• _YOUR ASSIGNMENT_:
A full, word-for-word copy of the listing below is needed; leave the images out of it.

• _STORED DATA_:
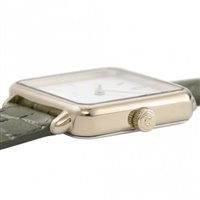 Orologio Cluse Watches Donna in Acciaio placcato oro giallo CL60016 - CL60016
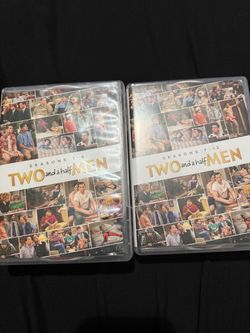 Two and a half men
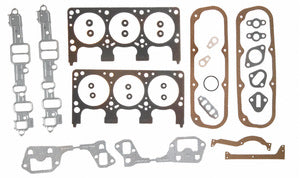 Head Set Dod-Trk:239(3.9L)V6 Cyl.Dakota(86-89)
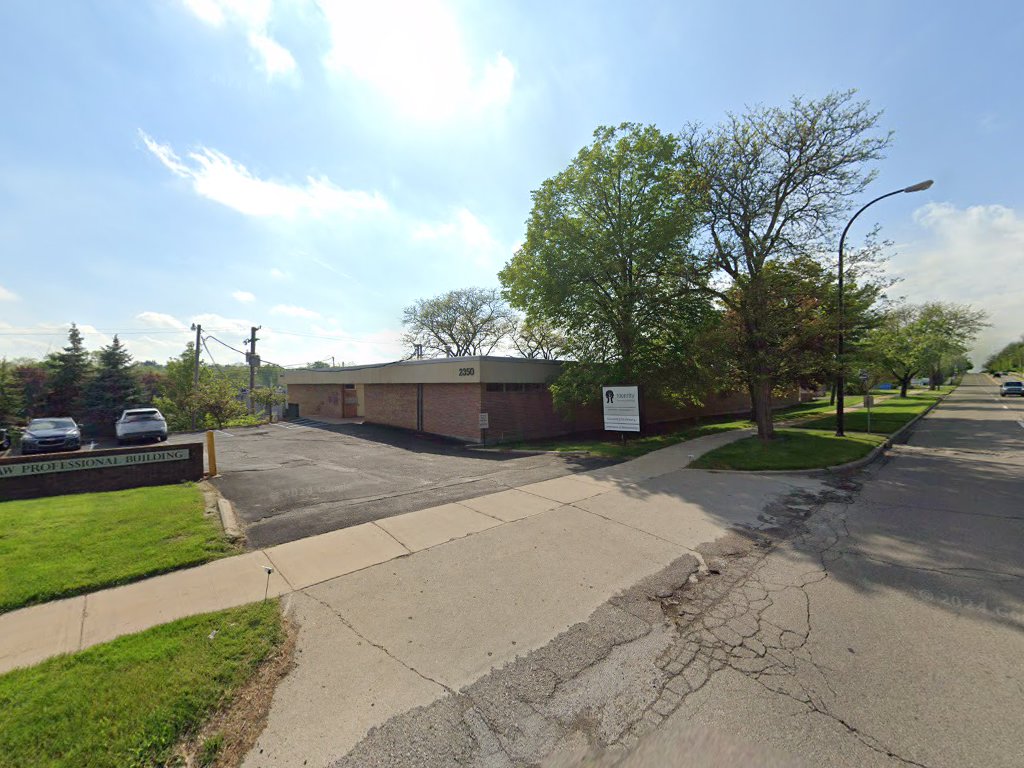 Gibson Chiropractic Family Health Center — photo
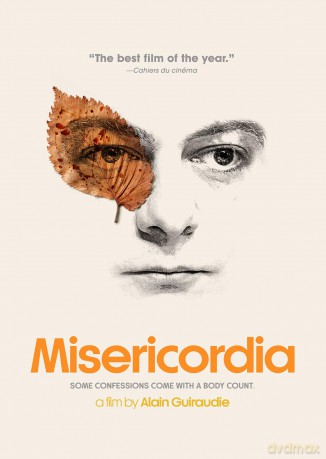Misericordia [DVD]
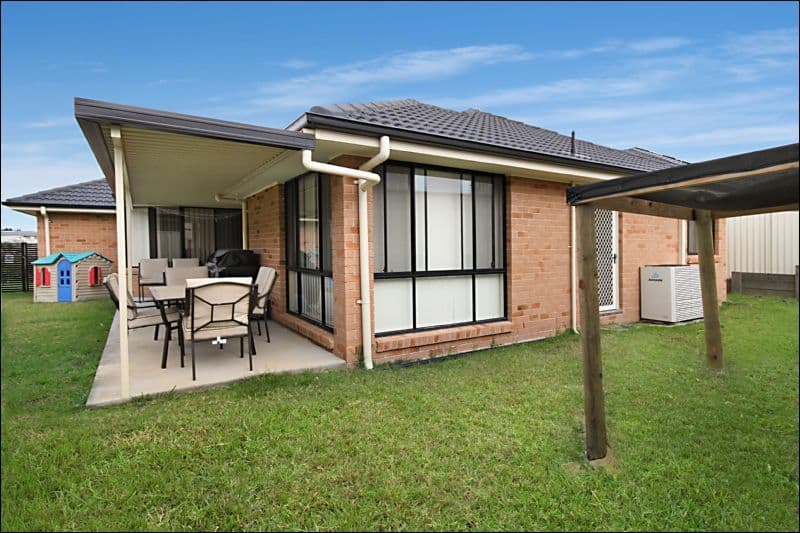 54 Budgeree Drive, ABERGLASSLYN NSW 2320, Aberglasslyn - Thumbnail 8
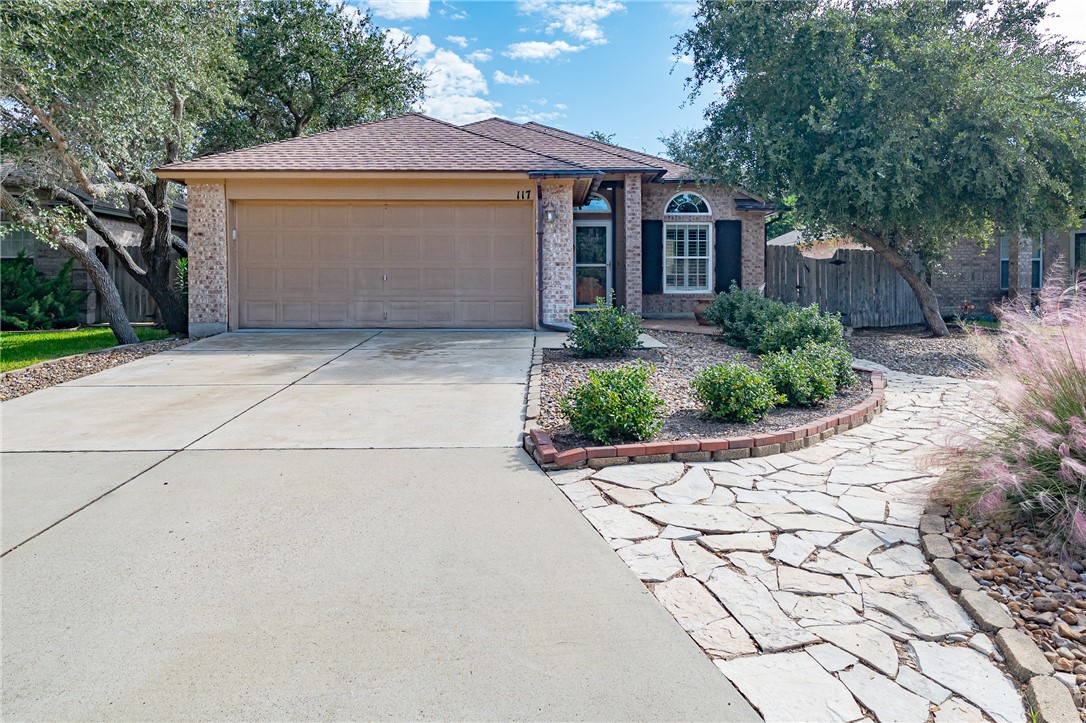 117 Sandhill Woods Rockport TX 78382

• _COMPLETED EXERCISE_:
 Orologio Cluse Watches Donna in Acciaio placcato oro giallo CL60016 - CL60016
 Two and a half men
 Head Set Dod-Trk:239(3.9L)V6 Cyl.Dakota(86-89)
 Gibson Chiropractic Family Health Center — photo
Misericordia [DVD]
 54 Budgeree Drive, ABERGLASSLYN NSW 2320, Aberglasslyn - Thumbnail 8
 117 Sandhill Woods Rockport TX 78382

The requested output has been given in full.